Data extracts:
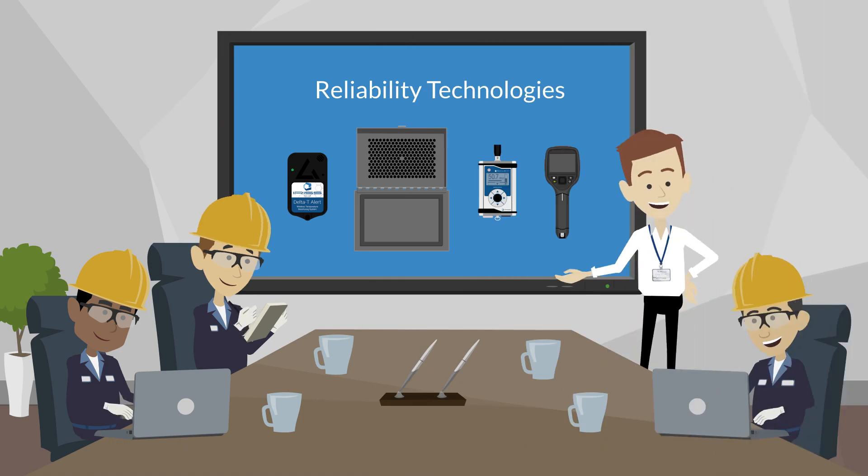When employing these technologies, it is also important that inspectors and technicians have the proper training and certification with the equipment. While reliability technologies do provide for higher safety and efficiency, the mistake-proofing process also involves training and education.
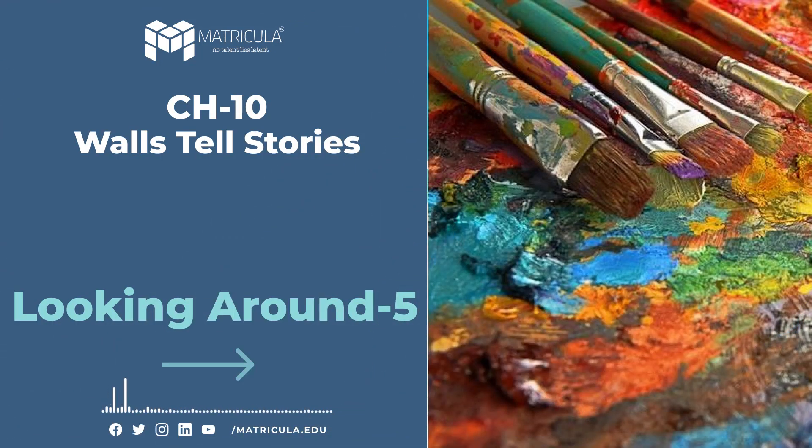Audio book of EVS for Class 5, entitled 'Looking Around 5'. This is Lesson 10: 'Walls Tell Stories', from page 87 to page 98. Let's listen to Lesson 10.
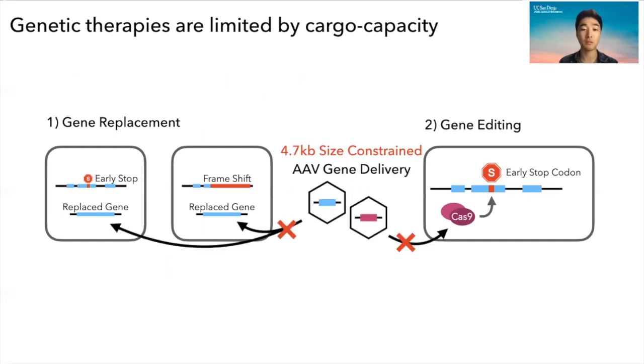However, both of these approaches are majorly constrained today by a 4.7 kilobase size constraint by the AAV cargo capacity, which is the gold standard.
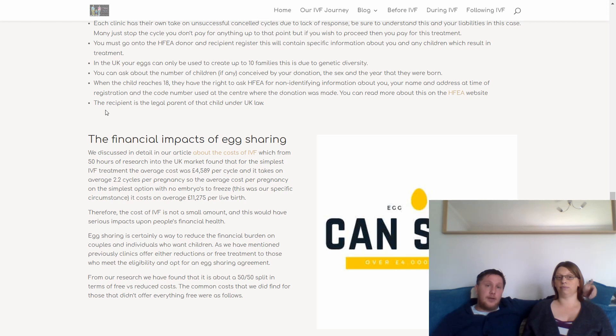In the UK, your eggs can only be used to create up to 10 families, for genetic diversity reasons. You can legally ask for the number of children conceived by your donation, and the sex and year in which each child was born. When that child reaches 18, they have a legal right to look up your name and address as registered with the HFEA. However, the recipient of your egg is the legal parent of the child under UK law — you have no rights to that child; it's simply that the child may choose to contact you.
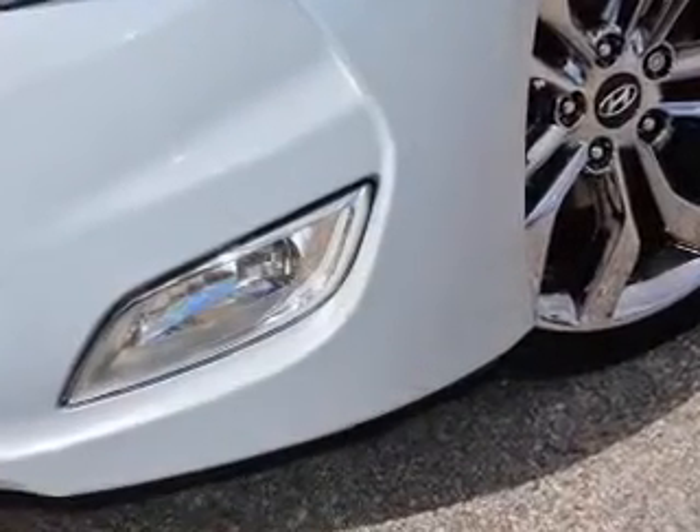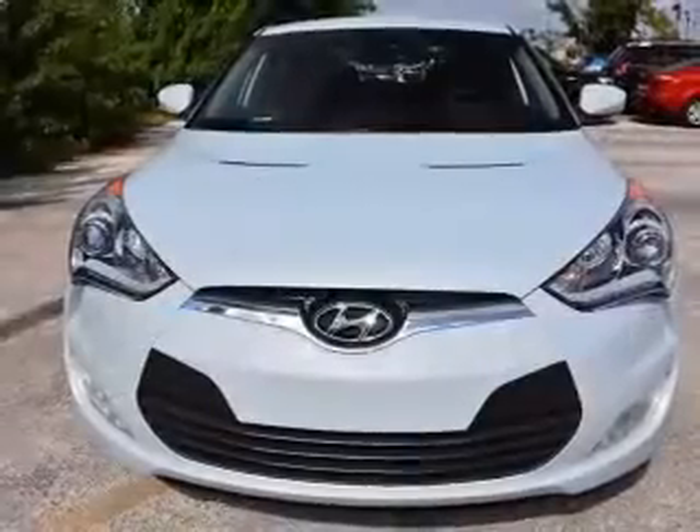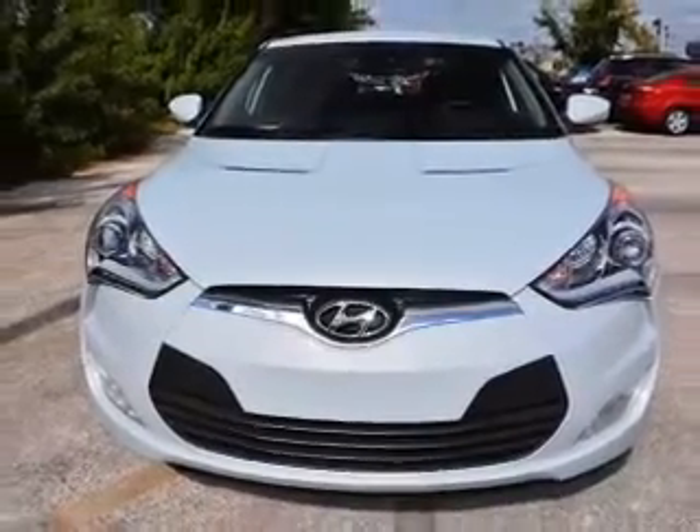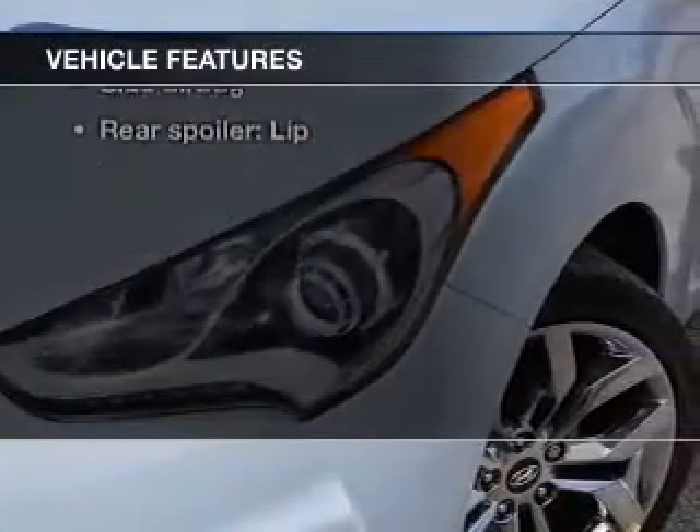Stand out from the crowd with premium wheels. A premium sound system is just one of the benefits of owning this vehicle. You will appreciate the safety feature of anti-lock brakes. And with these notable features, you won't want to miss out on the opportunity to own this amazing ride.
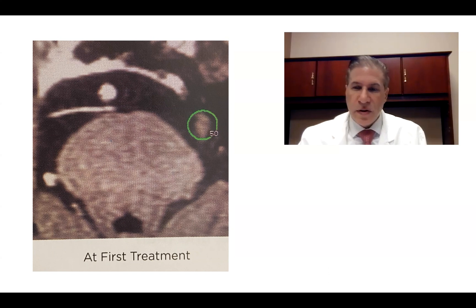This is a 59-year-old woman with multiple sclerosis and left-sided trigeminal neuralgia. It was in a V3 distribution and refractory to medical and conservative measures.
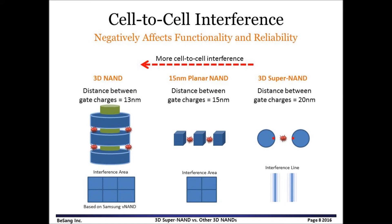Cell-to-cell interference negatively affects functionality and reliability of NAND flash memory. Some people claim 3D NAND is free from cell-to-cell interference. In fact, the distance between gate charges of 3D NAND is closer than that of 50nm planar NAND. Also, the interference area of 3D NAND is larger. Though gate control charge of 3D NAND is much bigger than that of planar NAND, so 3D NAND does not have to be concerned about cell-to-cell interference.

Task prompt:
Make an exact copy of the lines above, beginning with the line with "Audio book of" and ending with the line with "This is a 59-year-old", and keep the pictures out of it.

Exercise response:
Audio book of EVS for Class 5, entitled 'Looking Around 5'. This is Lesson 10: 'Walls Tell Stories', from page 87 to page 98. Let's listen to Lesson 10.
However, both of these approaches are majorly constrained today by a 4.7 kilobase size constraint by the AAV cargo capacity, which is the gold standard.
In the UK, your eggs can only be used to create up to 10 families, for genetic diversity reasons. You can legally ask for the number of children conceived by your donation, and the sex and year in which each child was born. When that child reaches 18, they have a legal right to look up your name and address as registered with the HFEA. However, the recipient of your egg is the legal parent of the child under UK law — you have no rights to that child; it's simply that the child may choose to contact you.
Stand out from the crowd with premium wheels. A premium sound system is just one of the benefits of owning this vehicle. You will appreciate the safety feature of anti-lock brakes. And with these notable features, you won't want to miss out on the opportunity to own this amazing ride.
This is a 59-year-old woman with multiple sclerosis and left-sided trigeminal neuralgia. It was in a V3 distribution and refractory to medical and conservative measures.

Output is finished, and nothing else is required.